Task directions ::
Pictures are to be left out; every line from the one that holds "Youth Window Tie Dye Tee Thumbnail" to the end of the data is to be retyped exactly.
━━━ Supplied data ━━━
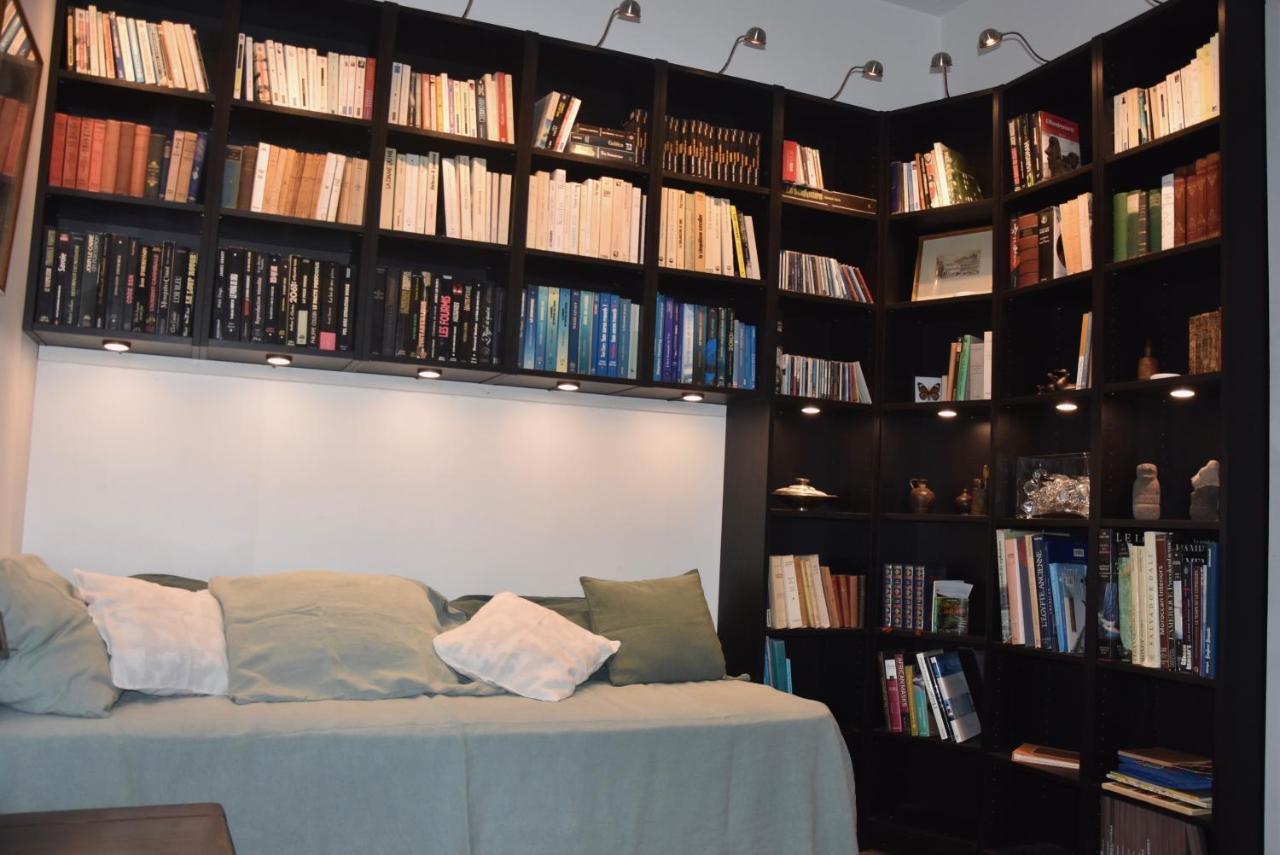 Appartement Erlandebaita Centre Bourg 3 Personnes 乌瑞基尼 外观 照片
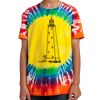 Youth Window Tie Dye Tee Thumbnail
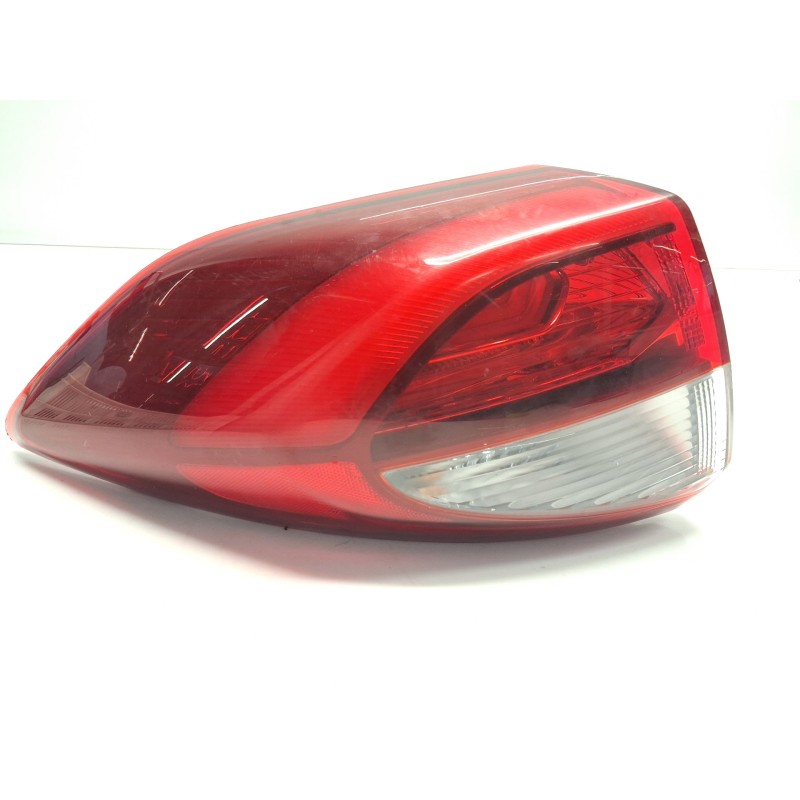 المصباح الخلفي المركزي الأيسر Hyundai Tucson (tl, tle) | Desguace Becerril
━━━
Task result ::
 Youth Window Tie Dye Tee Thumbnail
 المصباح الخلفي المركزي الأيسر Hyundai Tucson (tl, tle) | Desguace Becerril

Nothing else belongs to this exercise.